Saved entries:
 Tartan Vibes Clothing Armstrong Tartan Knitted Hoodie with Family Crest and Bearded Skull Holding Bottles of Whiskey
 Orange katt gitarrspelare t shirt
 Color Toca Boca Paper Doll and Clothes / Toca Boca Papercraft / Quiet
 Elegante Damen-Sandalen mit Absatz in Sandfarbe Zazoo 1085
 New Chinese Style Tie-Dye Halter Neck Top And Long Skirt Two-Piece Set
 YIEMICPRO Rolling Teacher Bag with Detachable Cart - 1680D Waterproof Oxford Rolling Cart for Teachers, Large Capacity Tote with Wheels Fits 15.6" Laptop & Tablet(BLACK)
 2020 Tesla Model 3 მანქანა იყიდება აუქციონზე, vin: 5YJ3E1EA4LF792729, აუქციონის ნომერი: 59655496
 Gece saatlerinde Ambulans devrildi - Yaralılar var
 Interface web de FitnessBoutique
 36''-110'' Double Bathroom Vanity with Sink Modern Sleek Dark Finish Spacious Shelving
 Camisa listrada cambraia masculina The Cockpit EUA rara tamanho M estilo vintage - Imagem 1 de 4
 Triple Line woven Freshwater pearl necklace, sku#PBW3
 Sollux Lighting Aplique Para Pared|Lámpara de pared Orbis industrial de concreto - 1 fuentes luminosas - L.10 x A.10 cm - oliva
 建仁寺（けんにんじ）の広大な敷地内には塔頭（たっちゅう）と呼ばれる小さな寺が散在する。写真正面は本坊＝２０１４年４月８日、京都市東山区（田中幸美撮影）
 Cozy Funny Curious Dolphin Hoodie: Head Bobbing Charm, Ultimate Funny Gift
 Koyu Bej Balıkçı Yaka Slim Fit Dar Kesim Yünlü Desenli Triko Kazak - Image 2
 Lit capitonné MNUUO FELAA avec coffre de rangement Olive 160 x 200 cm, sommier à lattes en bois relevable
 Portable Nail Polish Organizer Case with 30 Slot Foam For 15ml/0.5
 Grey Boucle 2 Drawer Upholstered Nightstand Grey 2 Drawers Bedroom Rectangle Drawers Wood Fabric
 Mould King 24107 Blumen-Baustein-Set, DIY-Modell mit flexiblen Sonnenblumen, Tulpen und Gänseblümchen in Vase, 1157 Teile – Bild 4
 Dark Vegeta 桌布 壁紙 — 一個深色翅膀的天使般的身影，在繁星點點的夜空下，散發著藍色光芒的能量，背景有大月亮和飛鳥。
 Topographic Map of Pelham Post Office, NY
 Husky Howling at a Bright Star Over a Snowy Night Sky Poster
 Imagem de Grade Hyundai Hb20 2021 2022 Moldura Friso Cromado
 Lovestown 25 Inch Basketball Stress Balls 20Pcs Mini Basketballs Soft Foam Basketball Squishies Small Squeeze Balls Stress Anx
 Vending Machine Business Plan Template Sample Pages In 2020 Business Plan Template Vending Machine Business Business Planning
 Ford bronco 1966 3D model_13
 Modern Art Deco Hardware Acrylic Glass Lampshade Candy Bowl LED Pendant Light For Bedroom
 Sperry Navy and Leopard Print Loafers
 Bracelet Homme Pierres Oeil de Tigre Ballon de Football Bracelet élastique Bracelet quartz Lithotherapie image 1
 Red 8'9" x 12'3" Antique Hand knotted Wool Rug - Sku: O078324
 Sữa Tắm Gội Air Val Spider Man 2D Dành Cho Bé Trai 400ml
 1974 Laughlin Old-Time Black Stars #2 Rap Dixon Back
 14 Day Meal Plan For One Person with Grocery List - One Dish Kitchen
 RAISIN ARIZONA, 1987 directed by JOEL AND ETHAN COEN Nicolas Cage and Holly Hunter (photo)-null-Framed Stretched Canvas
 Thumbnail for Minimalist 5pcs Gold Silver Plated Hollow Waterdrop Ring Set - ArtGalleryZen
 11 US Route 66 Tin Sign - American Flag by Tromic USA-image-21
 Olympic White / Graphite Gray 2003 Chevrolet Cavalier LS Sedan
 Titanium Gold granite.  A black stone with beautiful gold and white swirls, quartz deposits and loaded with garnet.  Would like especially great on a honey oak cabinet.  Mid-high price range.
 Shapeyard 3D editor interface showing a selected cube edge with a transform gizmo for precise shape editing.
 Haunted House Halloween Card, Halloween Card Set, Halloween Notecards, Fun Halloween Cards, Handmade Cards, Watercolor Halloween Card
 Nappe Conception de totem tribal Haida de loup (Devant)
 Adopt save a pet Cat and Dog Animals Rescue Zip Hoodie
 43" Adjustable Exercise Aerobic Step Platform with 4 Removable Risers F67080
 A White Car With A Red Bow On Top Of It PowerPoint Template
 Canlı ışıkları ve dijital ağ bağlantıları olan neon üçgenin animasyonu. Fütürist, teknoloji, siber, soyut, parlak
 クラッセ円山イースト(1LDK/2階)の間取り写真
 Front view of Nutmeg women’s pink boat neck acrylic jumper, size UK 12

WORK ORDER: Among the lines above, list those that contain the word "Template".

EXERCISE RESPONSE:
 Vending Machine Business Plan Template Sample Pages In 2020 Business Plan Template Vending Machine Business Business Planning
 A White Car With A Red Bow On Top Of It PowerPoint Template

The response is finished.